Missing link saga: Seattle Hearing Examiner wants Environmental Impact Statement from SDOT

Plans to fix the “missing link” of the Burke-Gilman Trail are stalled again. The Seattle Department of Transportation (SDOT) is being required to prepare an Environmental Impact Statement (EIS) based on findings from the City of Seattle Hearing Examiner. The Examiner found that the Shilshole segment of the missing link will create, “significant adverse impacts in the form of traffic hazards…because of conflicts between truck movements and other vehicle traffic and trail users.” In addition to the EIS, SDOT  will have to study alternatives to the missing link.

The Ballard business representatives Paul Nerdrum, vice president of Salmon Bay Sand & Gravel Co. and Warren Aarkevik, owner of Ballard Oil, say they want the city to study the plans in order to fully explore the consequences of developing a trail through a major business corridor.

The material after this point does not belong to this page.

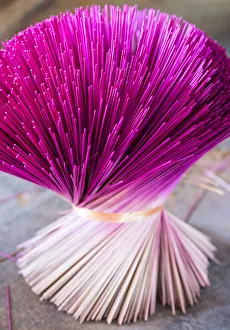 Images Dated 16th April 2019: Incense sticks, Hung Yen province, Vietnam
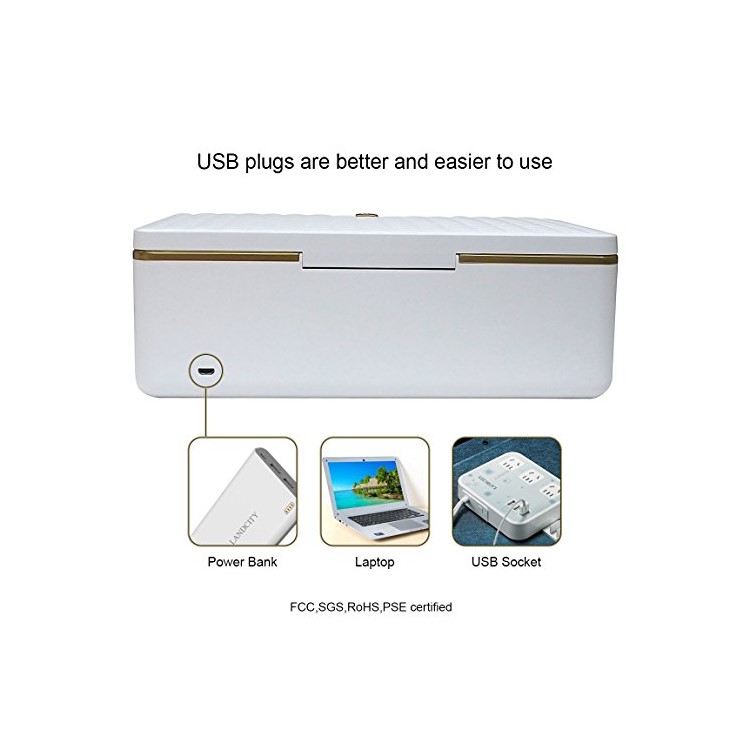 ROSA RUGOSA Portable Ozone UV Sterilizing Box Security Lock UV Sterilizer Cabinet-3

“We want a trail that is safe and does not undermine the viability of the maritime and industrial businesses so we can continue operating and providing family-wage jobs and benefits to the entire community,” said Nerdrum, Vice President of Salmon Bay Sand & Gravel Co. in a press release. In the same release, Aarkevik said the examiner agreed with the businesses, “that the City must study these issues and prove it can safely build a recreational trail through the heart of the maritime and industrial industry in Ballard without putting people’s lives at risk.”

An attorney who represents the Ballard businesses, Josh Brower, said the trail is too dangerous because it crosses 55 industrial driveways and intersections in under two miles. The businesses hope to see an alternative design and alignment for the missing link; they’d like to see a cycle-track that would go up Leary Ave, where it could connect to NW Market St.

SDOT has yet to respond to the Hearing Examiner’s decision.